Firing up chemistry
Are there any chemicals that would create fire when mixed together?
Chris Smith asked chemist, Phillip Broadwith from the Royal Society of Chemistry, to fire up an answer to this question from Nick.
Phillip - Well Nick, absolutely yes. They’re used in rocket propellants all the time and they’re called hypergolic mixtures. There’s one called Aerozine 50 which is a mixture of hydrazine and dimethylhydrazine which have unstable nitrogen-nitrogen bonds, and then dinitrogen tetroxide. But it doesn’t really matter what they are, the point is that when you mix them together you get a chemical reaction to start with, that generates a lot of heat and then you have all the things that you need for a fire. You have a fuel and you have an oxidiser which, initially, is the chemical oxidiser but then once you’ve got a fire going you can use oxygen from the air as the oxidiser, and then you’ve got a source of ignition. This is why they’re used in rocket engines for things like steering, you don’t need an extra electrical system that can go wrong to fire the rocket.

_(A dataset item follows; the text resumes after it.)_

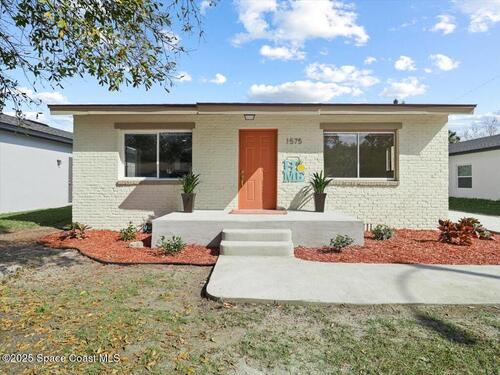 1575						Elizabeth						Avenue												Titusville, FL						32780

Or, if you’re wanting to power a missile, you’ve got something you can store for long periods of time at relatively easy temperatures as long as you can handle the corrosion. And then, when you need to fire your rocket, or missile or whatever you can just mix the two and off you go.

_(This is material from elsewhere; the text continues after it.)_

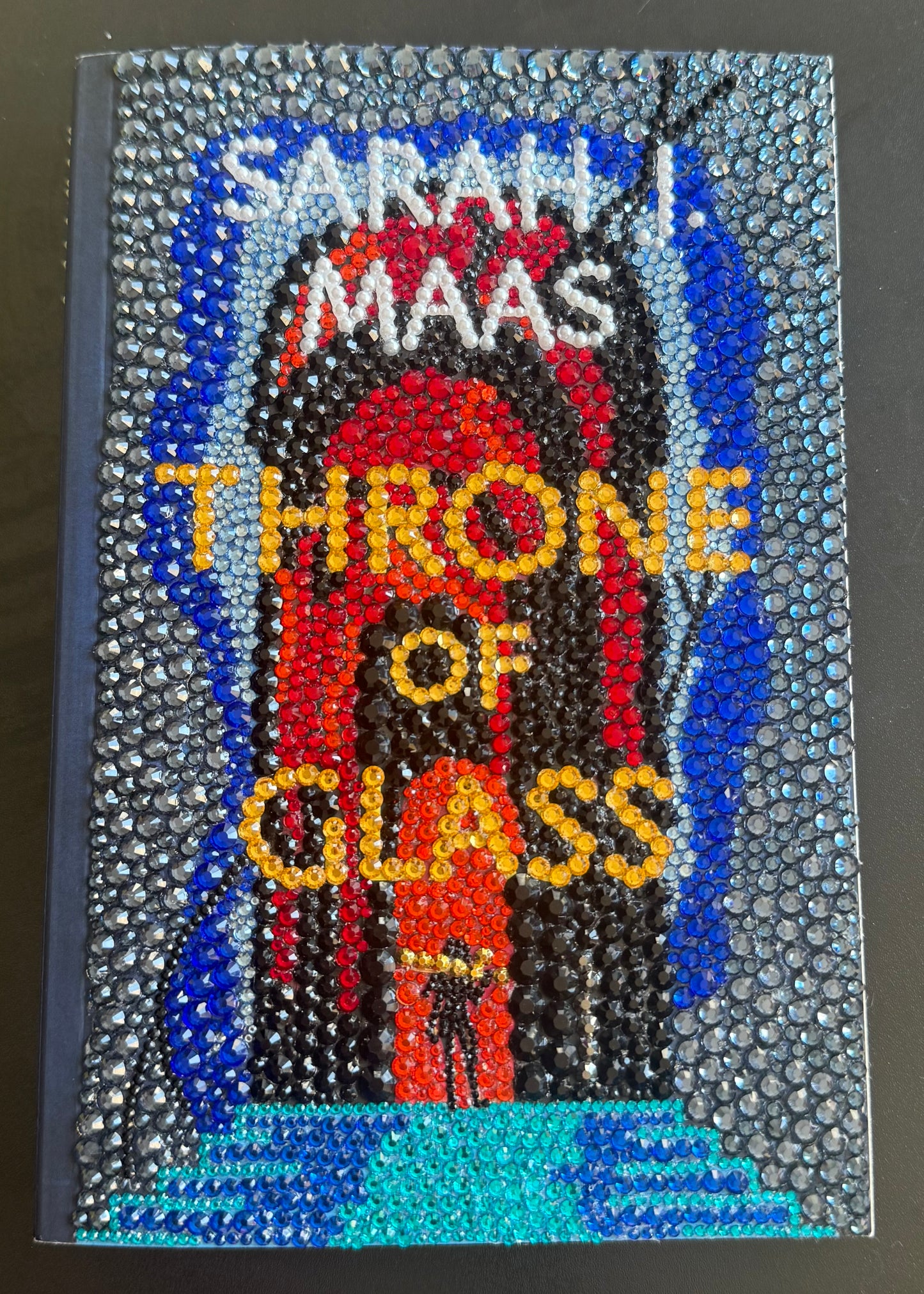 Throne of Glass: Reimagined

There are some more readily available mixtures. I would say before I say any of this, just be very careful, don’t really try this at home. Just watch the YouTube videos instead.
Chris - Don’t really try it at home or maybe just don’t try it at home?

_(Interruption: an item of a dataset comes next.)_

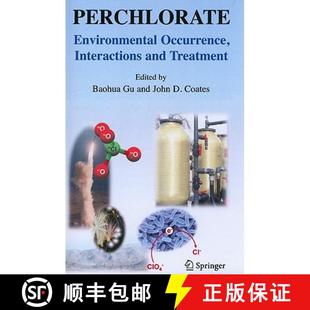 9781441940544 Interactions 4周达 Perchlorate and Occurrence Environmental Treatment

Phillip - Don’t try it at home at all.
Chris - What are those readily available mixtures?
Phillip - Take glycerine - just household glycerine used in baking and potassium permanganate, which is a very highly oxidising thing, and you mix those two together, you can generate fire.
Chris - Kate?
Kate - Is this a “bang” fire or just a nice flame like a Christmas pudding?
Phillip - It depends on the mixture. Some of them will go on fire very quickly and very intensely like the rocket fuels. Glycerine and permanganate: there’s a kind of induction period where you have the chemical reaction going and they just get hot, and smoke, and then you get a flame. Then it will burn - quite an intense fire because you’ve got a lot of oxidiser there, but it’s just a fire.
Chris - Best thing I ever saw was a couple of chaps from UCL came along and did a chemistry demonstration and they poured liquid oxygen on a digestive biscuit and lit it, and the flame was a metre and a half high; it hit the ceiling. It was absolutely phenomenal!
Phillip - Well, you’ve got a high concentration of fuel. All of the carbohydrates from the biscuit and then you’ve got a huge amount of oxidiser - liquid oxygen - in there. It’s a massive concentration but you still, for that mixture, need an ignition source. You need…
Chris - He lit it with a very long stick.
Phillip - Yeah.
Chris - We were closer than he was, put it that way.